This week the sci-fi hit that’s been described as this year’s “Inception” gets the Friday Review treatment. Except I never got round to posting this yesterday so it’s getting the Saturday Review treatment instead.
So, Looper! The film stars Joseph Gordon-Levitt and Bruce Willis as the same character, Joe. It’s mostly set in 2044, where time travel has not yet been invented. Time travel gets invented in 2074 where it is immediately outlawed. Criminal organisations find it difficult to kill people off in 2074 because all bodies are tracked so they send them back in time to 2044 for people to kill them. That’s what Joe is, a Looper. When the bosses want to end a Looper’s contract they send the future version of the Looper back in time for the younger version of the Looper to kill. Of course Old Joe manages to get away and that means Young Joe is in all sorts of trouble.
Yeah, it’s pretty complicated but much easier to understand that Inception. As a Doctor Who fan I followed most of it pretty easily although I didn’t understand the ending properly for a while. Probably the best thing about Looper is that though it’s a sci-fi film, it doesn’t go overboard on the sci-fi stuff. For the majority of the film it’s an action film which just happens to feature two versions of the same characters. There is also another sci-fi element in the form of 10% of the population have telekinesis powers which becomes a more important part of the story towards the end. This element might have worked well in a fully sci-fi film but in this one it felt out of place and a bit pointless. The telekinesis bit is what separates this film from a absolutely fantastic one to a very good one.

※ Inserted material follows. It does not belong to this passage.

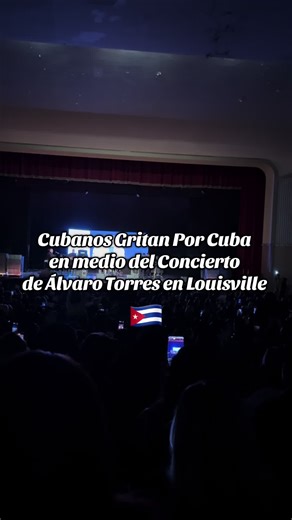 Cubans Cry Out for Cuba During Álvaro Torres Concert in Louisville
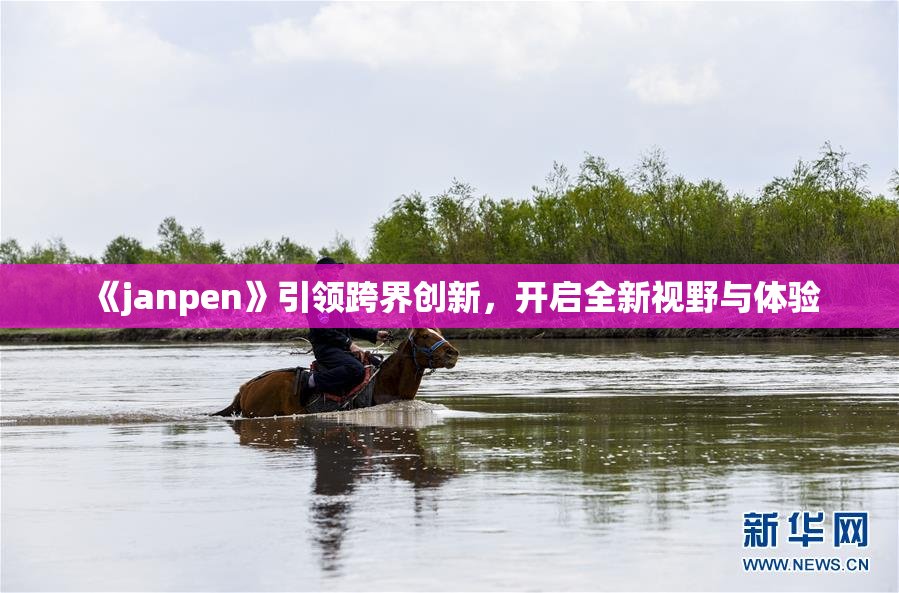 《janpen》引领跨界创新，开启全新视野与体验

The part of this film that had to be got right was the characterisation. Physically Gordon-Levitt and Willis aren’t very convincing as the same person, despite some prosthetics and a fast-forward scene which sees Joe age and gradually go bald. Fortunately they are both great actors and it’s through their personality that the two characters are more convincing as one character. It’s quite interesting because Joe changes a lot between the two stages of his existence yet is still ultimately the same. Young Joe hates his older self and cannot empathise at all. Old Joe seems to be a much better, more under control person yet what he does is more shocking than anything Young Joe does.
Looper does some very clever things. One is when it shows an example of what happens when a Looper’s older self escapes. We know that the young Looper has been captured and we see the older him running for his life as parts of his body gradually disappear. It’s quite obvious that the young Looper is undergoing horrific things yet we only see the effects rather than the process. There’s also a bit when Old Joe first appears in 2044 which we see a few times over as paradoxes happen and we learn about Joe’s life. It’s clever in a sci-fi way but also works brilliantly for the story-telling.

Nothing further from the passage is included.